(Input records)

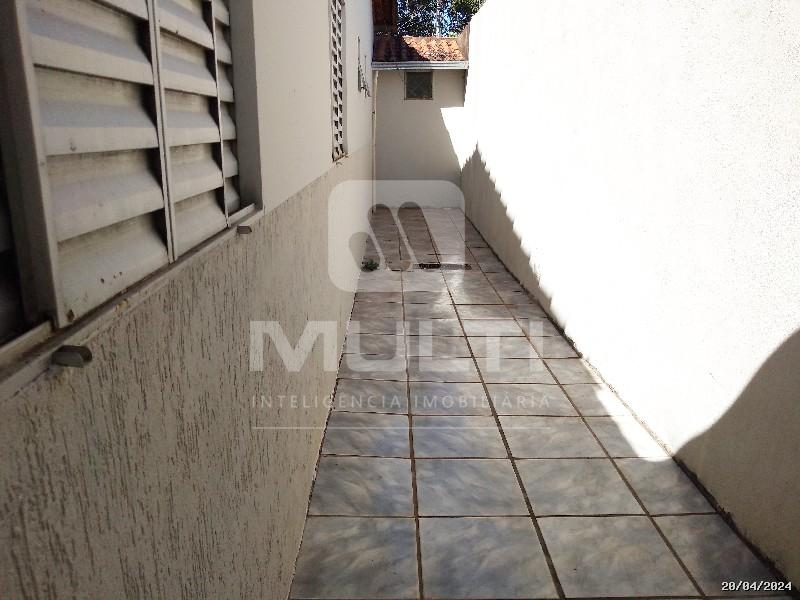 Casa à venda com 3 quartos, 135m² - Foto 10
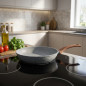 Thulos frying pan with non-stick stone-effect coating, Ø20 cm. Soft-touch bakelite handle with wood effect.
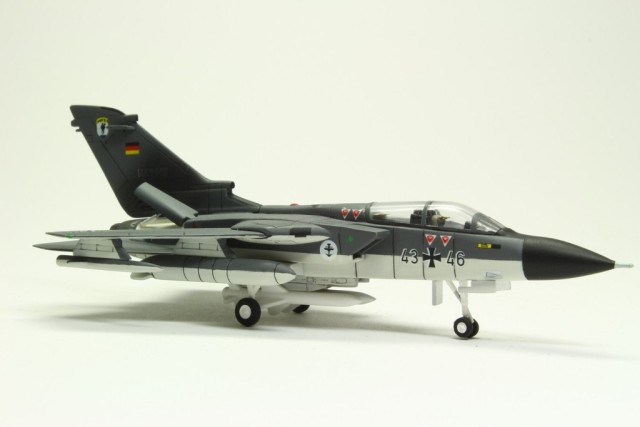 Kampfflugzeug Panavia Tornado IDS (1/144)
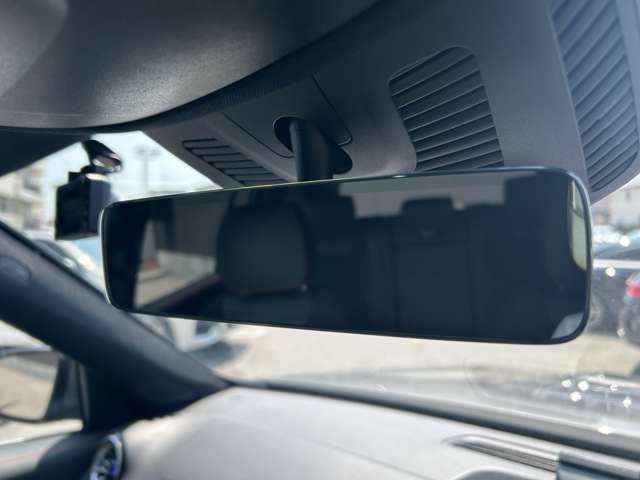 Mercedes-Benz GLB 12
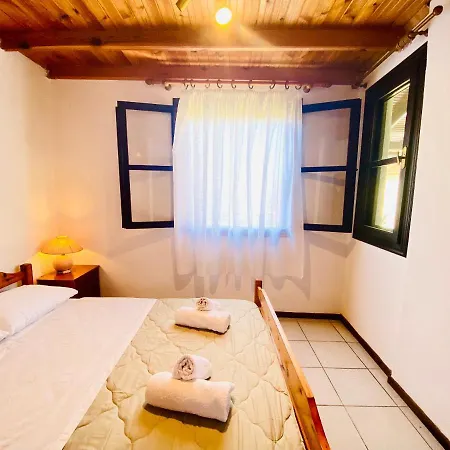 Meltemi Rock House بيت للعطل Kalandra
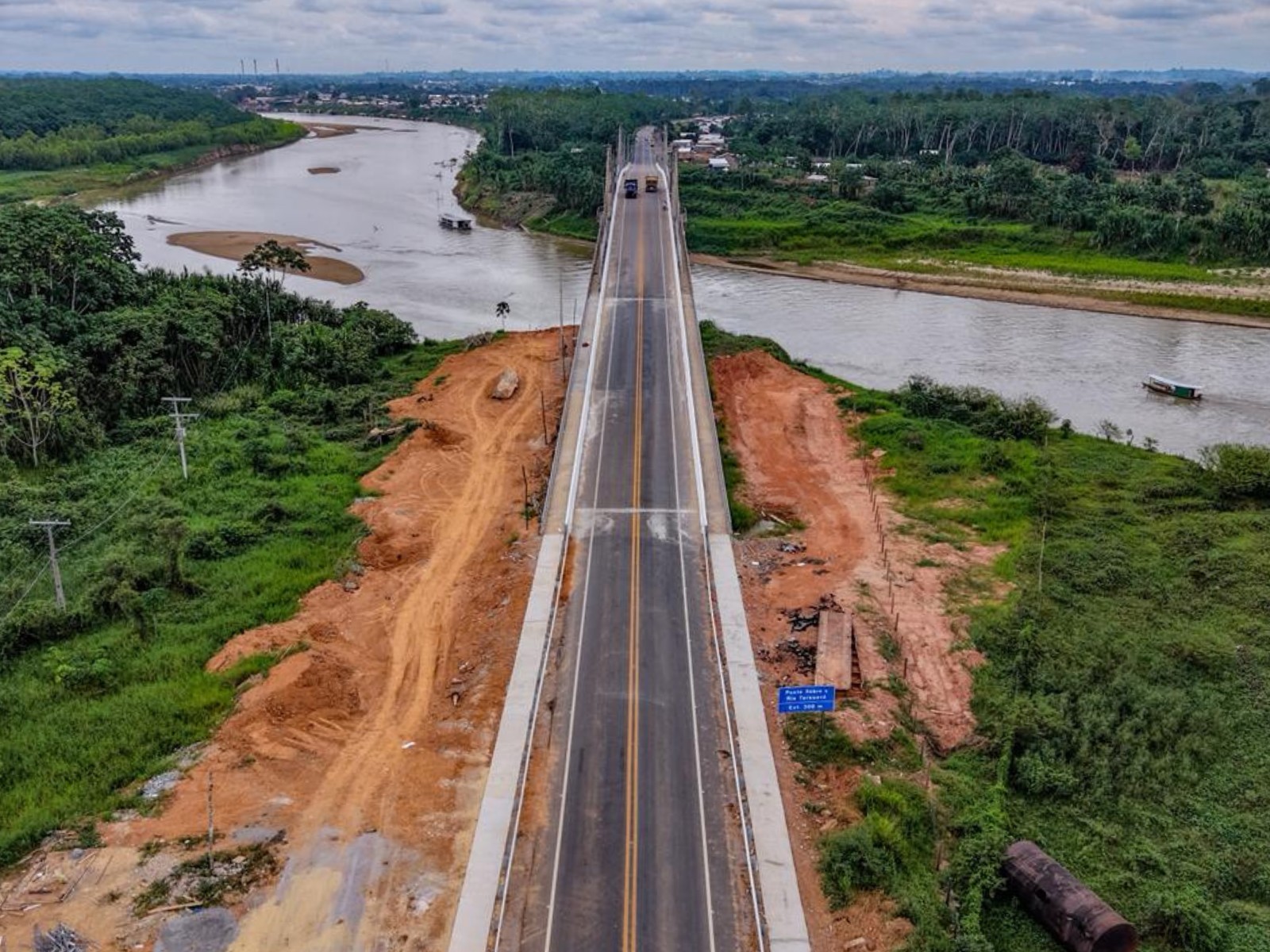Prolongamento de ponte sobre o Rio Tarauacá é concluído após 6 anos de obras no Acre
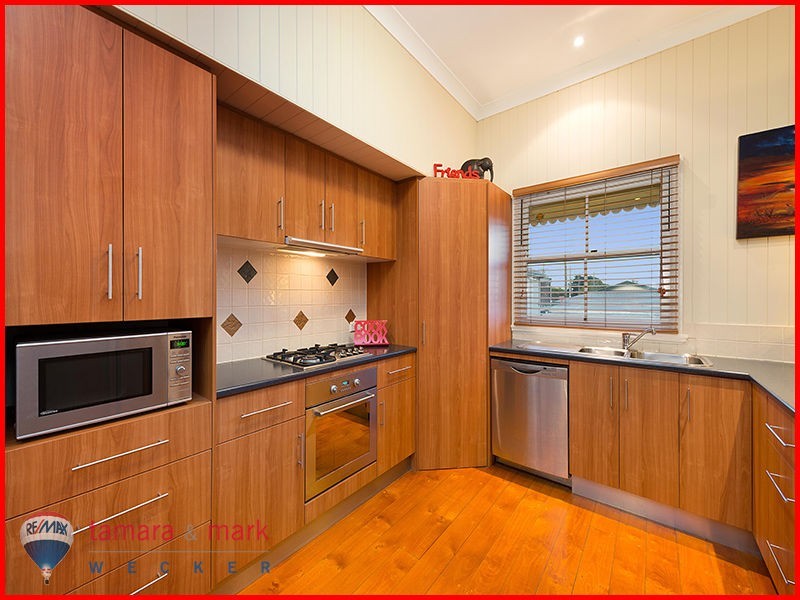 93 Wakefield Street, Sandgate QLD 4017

---

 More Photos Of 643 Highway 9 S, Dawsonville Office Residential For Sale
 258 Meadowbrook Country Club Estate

(What you are asked to do) Print the part of the listing above that opens with the line containing "Casa à venda com 3 quartos, 135m² - Foto 10" and closes with the line containing "93 Wakefield Street, Sandgate QLD 4017". Copy it exactly, both ends included, and omit the pictures.

(Expected output)
 Casa à venda com 3 quartos, 135m² - Foto 10
 Thulos frying pan with non-stick stone-effect coating, Ø20 cm. Soft-touch bakelite handle with wood effect.
 Kampfflugzeug Panavia Tornado IDS (1/144)
 Mercedes-Benz GLB 12
 Meltemi Rock House بيت للعطل Kalandra
Prolongamento de ponte sobre o Rio Tarauacá é concluído após 6 anos de obras no Acre
 93 Wakefield Street, Sandgate QLD 4017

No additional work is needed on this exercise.